_Data supplied_
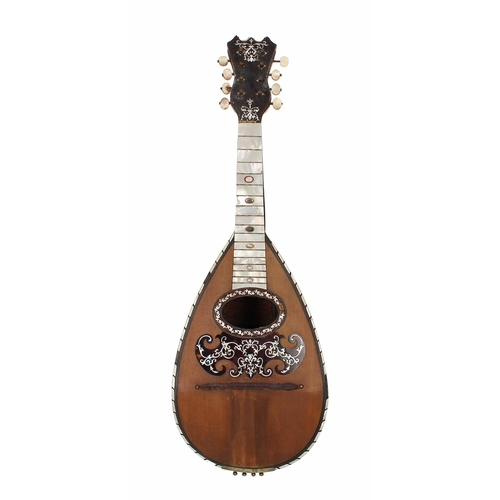 1583 - Good Neapolitan mandolin by and labelled Giuseppe Vinaccia Fu Gaetano Fabbracante Dinstrument Armoni... 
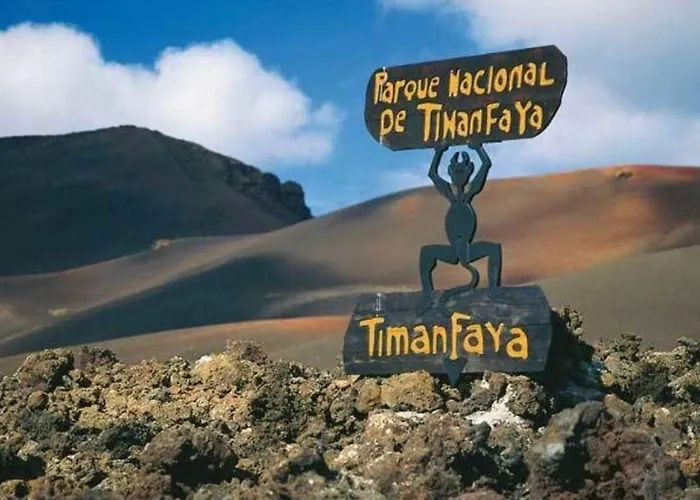 Sara En El Complejo Teguisol Apartman *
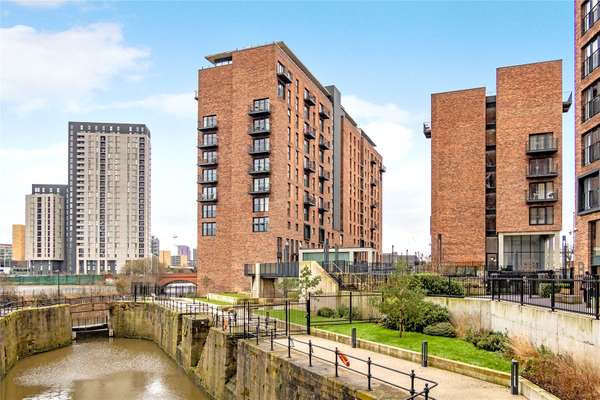 Flat Irwell River Park in Salford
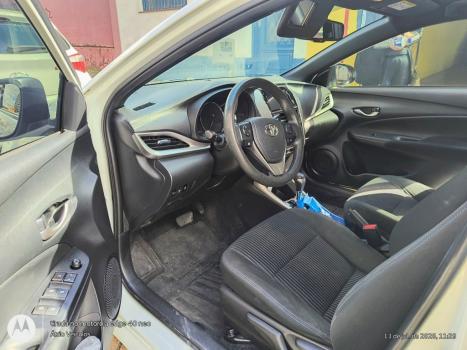 TOYOTA Yaris Hatch 1.3 16V 4P FLEX XL PLUS TECH MULTIDRIVE AUTOM�TICO CVT, Foto 9
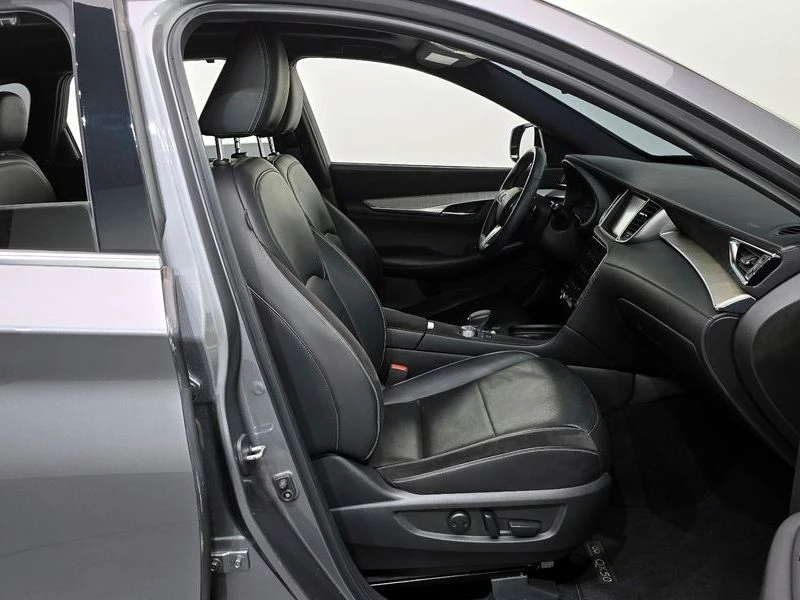 Infiniti QX50 2.0 Automatic, снимка 7 - Автомобили и джипове - 55597722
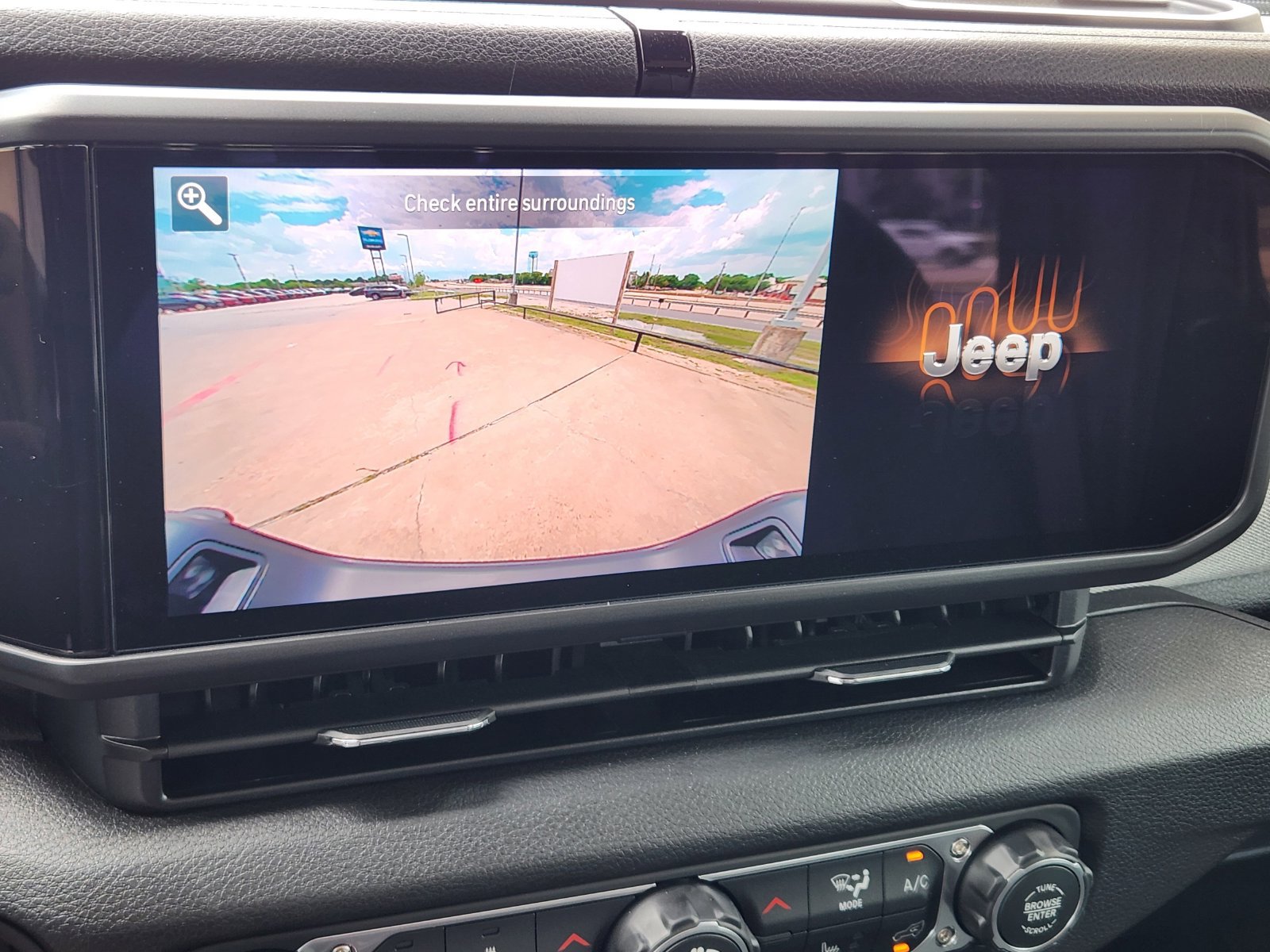 New 2026 Jeep Gladiator Sport AWD/4WD image 16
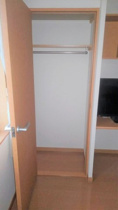 明るい色調の室内です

_Task requirements_
Pictures are not part of the copy. Extract exactly the lines from the line containing "TOYOTA Yaris Hatch" through the final line of the entries above, both included.

_Answer to the problem_
 TOYOTA Yaris Hatch 1.3 16V 4P FLEX XL PLUS TECH MULTIDRIVE AUTOM�TICO CVT, Foto 9
 Infiniti QX50 2.0 Automatic, снимка 7 - Автомобили и джипове - 55597722
 New 2026 Jeep Gladiator Sport AWD/4WD image 16
 明るい色調の室内です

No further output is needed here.